BlackRock’s Fink Says Worried About Leveraged ETFs | ETF Trends

The war of words between the largest exchange traded fund manager, BlackRock, and the providers of leveraged ETFs heated up again Tuesday when BlackRock’s chief executive said the financial products need more disclosure.

“Our statements against leveraged ETFs are related to disclosure,” BlackRock CEO Larry Fink said during a CNBC interview Tuesday.

BlackRock has been critical of leveraged products and says the funds shouldn’t be labeled ETFs.

Meanwhile, firms that oversee leveraged and inverse ETFs counter that BlackRock’s classification proposal is unworkable and anti-competitive, and that clients understand how to use the products.
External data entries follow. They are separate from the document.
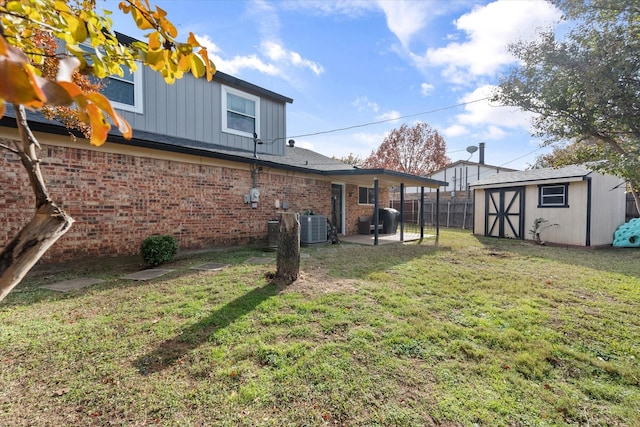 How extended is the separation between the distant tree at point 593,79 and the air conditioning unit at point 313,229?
20.4ft

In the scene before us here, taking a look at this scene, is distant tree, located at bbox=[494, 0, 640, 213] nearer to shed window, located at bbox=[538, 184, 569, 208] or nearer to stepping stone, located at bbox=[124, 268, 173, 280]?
shed window, located at bbox=[538, 184, 569, 208]

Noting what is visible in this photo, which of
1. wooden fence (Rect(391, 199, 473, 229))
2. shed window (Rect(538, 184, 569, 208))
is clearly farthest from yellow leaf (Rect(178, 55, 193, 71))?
wooden fence (Rect(391, 199, 473, 229))

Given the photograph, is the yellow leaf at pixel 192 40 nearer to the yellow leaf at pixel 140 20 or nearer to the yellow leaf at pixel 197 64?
the yellow leaf at pixel 197 64

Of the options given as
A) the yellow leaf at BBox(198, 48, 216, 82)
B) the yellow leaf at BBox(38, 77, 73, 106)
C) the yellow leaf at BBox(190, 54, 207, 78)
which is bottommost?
the yellow leaf at BBox(38, 77, 73, 106)

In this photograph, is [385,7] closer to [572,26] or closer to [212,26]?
[572,26]

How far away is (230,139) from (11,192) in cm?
568

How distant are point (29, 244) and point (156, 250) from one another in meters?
5.03

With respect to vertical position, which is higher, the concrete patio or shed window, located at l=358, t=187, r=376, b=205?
shed window, located at l=358, t=187, r=376, b=205

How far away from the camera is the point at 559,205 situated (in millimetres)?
11109

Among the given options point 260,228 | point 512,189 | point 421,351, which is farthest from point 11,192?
point 512,189

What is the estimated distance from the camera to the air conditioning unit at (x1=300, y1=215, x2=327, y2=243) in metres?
9.20

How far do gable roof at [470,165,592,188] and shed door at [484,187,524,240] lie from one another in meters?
0.39

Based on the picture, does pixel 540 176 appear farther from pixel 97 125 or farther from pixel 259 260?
pixel 97 125

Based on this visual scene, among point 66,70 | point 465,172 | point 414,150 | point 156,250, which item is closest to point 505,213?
point 156,250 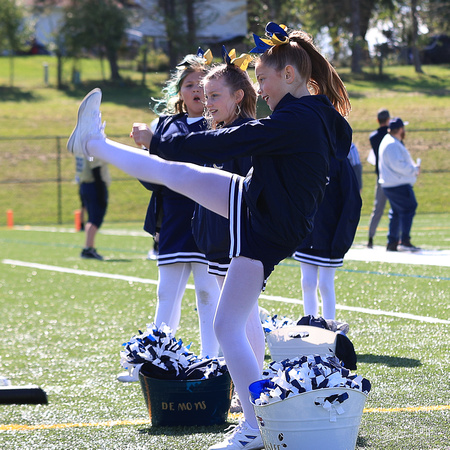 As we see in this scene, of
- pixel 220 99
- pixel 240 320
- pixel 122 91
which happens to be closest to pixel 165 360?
pixel 240 320

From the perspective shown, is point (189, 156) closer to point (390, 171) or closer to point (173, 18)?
point (390, 171)

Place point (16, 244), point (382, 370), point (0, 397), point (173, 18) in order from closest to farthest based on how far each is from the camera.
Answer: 1. point (0, 397)
2. point (382, 370)
3. point (16, 244)
4. point (173, 18)

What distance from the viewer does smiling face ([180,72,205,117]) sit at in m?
4.88

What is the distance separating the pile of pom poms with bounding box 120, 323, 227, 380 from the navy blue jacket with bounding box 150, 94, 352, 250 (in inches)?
36.8

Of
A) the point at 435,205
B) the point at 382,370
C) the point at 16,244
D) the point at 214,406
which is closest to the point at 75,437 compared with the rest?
the point at 214,406

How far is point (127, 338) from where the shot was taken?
6.25 meters

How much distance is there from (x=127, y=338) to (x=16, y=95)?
39.1 meters

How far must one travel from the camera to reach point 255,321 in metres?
3.93

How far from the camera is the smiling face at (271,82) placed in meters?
3.43

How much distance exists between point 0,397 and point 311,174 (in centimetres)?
155

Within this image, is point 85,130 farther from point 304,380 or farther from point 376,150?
point 376,150

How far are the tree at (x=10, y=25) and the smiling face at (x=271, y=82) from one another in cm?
4537

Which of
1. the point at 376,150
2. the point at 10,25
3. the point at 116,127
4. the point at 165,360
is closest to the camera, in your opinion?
the point at 165,360

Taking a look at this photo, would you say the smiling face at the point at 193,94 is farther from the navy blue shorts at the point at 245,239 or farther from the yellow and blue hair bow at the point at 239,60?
the navy blue shorts at the point at 245,239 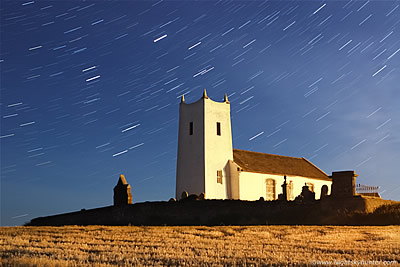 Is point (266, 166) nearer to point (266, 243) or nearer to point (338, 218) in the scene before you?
point (338, 218)

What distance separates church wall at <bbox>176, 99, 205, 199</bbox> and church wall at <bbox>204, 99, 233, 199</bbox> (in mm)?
509

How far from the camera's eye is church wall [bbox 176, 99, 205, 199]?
42.8 meters

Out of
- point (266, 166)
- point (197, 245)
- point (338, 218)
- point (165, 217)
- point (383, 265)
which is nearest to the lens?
point (383, 265)

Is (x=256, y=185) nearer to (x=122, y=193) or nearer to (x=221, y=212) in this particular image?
(x=221, y=212)

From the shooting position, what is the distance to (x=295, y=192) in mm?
47750

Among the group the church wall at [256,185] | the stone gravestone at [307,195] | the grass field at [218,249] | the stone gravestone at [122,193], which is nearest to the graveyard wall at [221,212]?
the stone gravestone at [122,193]

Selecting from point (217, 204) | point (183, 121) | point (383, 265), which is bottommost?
point (383, 265)

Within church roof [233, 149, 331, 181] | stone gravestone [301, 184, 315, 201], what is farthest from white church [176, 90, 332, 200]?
stone gravestone [301, 184, 315, 201]

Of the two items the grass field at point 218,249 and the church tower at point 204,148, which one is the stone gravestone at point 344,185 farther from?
the church tower at point 204,148

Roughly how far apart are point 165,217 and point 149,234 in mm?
11190

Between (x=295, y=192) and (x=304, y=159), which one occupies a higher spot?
(x=304, y=159)

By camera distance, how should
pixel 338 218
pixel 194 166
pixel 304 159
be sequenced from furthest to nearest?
1. pixel 304 159
2. pixel 194 166
3. pixel 338 218

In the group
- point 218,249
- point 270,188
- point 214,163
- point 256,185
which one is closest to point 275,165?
point 270,188

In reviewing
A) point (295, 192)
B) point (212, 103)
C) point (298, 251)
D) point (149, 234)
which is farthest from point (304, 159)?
point (298, 251) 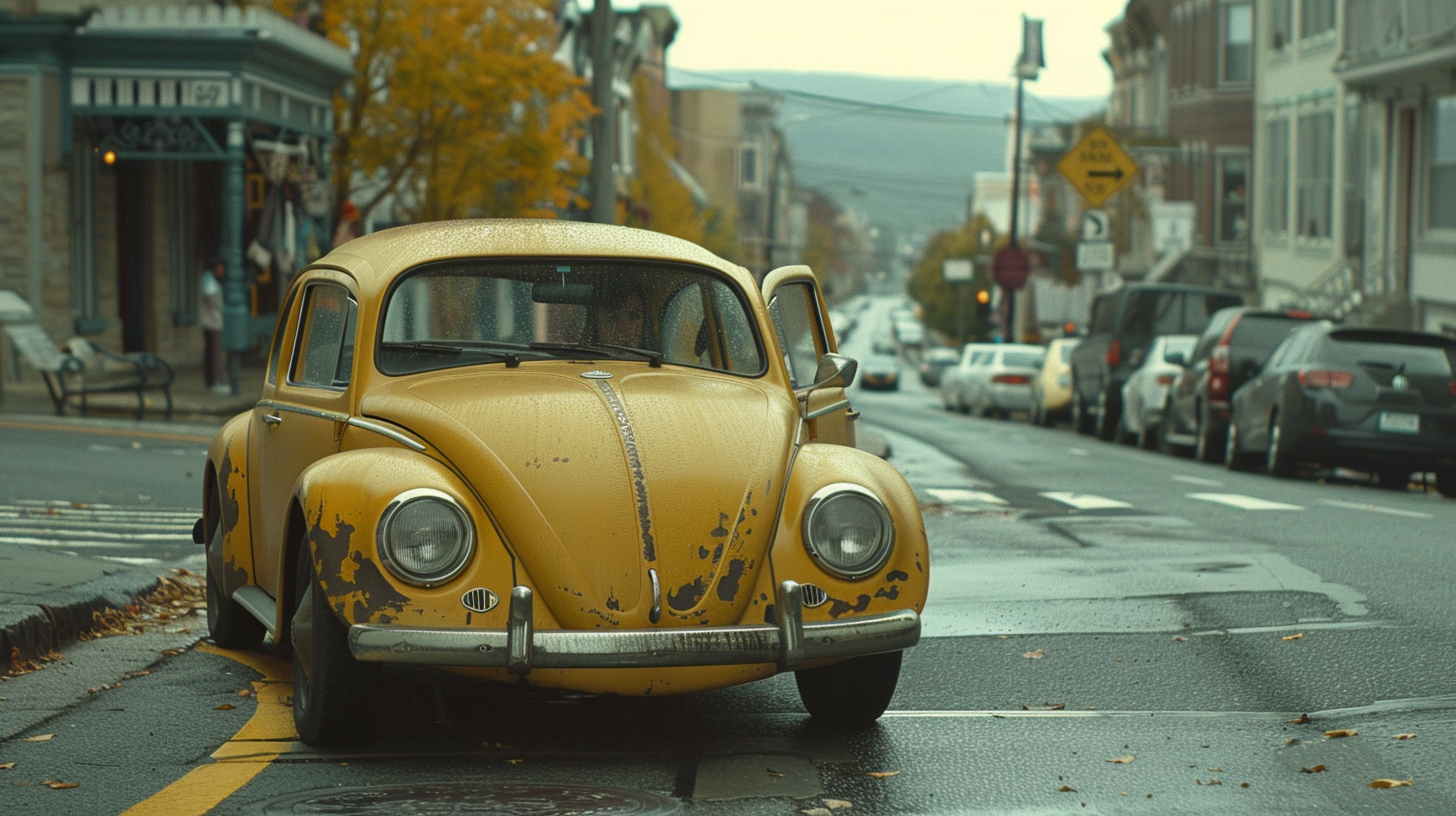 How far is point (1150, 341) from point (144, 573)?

BlackRock doesn’t offer any leveraged ETFs. [What’s in an ETF Name?]

“ETFs were designed to be very basic,” BlackRock’s Fink told CNBC on Tuesday. “They’re mostly mimicking indices and different sectors of the marketplace. And now we overlay, through the ingenuity of the Street, products that have leverage in them so can you get hyper returns, positive or negative. The question I have is do we want to have another incident of a problem because of structural leverage.”

These high-octane ETFs are designed to multiply the market’s performance, and allow investors to go long or short. ETFs are baskets of securities that trade on an exchange like an individual stock. Leverage and inverse ETFs may invest in derivatives.